第447話 大阪府茨木市新庄町のカレー南蛮200g全マシ

「いかねばなるまい」


 茨木のTRPGが出来る素敵な場所で魔法使いになって災厄を防ぐシステムのGMをした帰り。


 心地良い疲れに腹の虫も元気になっている。つまり、腹が減っている。


 奇しくも昨日から限定が始まったという店が近くにある。


 セッションを終えて東西通りを阪急の駅の方面へと歩いていた。


「冷えるな」


 冬の装いにしていたつもりだがそれでも身を切るような寒さ。だが、大丈夫。暖かい夕食を食いにいくのだから。


「結構並んでるな」


 店に着くと、前には十人弱の列が出来ていた。限定がなければ諦めてしまうところだが、そうはいかない。


 店内で限定の食券を確保して、外に並ぶ。


 ここまで歩いて程よく身体がというか吸湿発熱素材の服が温まっている。まぁ、大丈夫だろう。

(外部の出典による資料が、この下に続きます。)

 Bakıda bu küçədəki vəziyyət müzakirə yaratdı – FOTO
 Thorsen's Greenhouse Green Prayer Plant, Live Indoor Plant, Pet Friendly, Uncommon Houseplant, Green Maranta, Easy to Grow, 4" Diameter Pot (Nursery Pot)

 列に並び、『ゴシックは魔法乙女~さっさと契約しなさい!~』を起動する。今日は五悪魔のクリスマスイベント最終日。リリーで50位以内に入るべく、出撃を繰り返さねばならぬのだ。


 二回ほど出撃したところで、店内が空いて案内が始まった。だが、まだまだ先だろう、と思っていたのだが。


「ん?」


 どうやら、前に並んでいるのがグループ客ばかりだったようで、揃って入るために後に回され。


「お一人様ですか? どうぞ」


 と、早々に店内に案内された。ありがたい。


 温かい店内の待ち合い席に入って人心地着きつつ、出撃を重ね。


 カウンター席に案内されて食券を出し、水とおしぼりとお箸とレンゲを確保して出撃を重ね。


 あっという間に麺上げの気配。


 ゴ魔乙を終了して待つことしばし。


「ニンニク入れますか?」


「ニンニクあり。全マシで」


 とサクッとコールを済ませれば、注文の品がやってくる。


 こんもり盛られた野菜とよりそうゴツい豚とニンニクと一味。基本の見た目は基本通りだが、スープは茶色。


「これがカレー南蛮」


 そう、限定はカレー南蛮である。


「いただきます」


 まずはスープをいただく。


「おお、豚カレー」


 こってりした豚の出汁に安心感のあるカレー風味。カレーが粉のまま掛かっているのもあってちょっとスパイシー。一口で旨い。カレー味は偉大である。この味なら野菜が無限に食えそうなのでマシマシでも良かった気がしてくるレベルだ。いや、そこは自制すべき、か。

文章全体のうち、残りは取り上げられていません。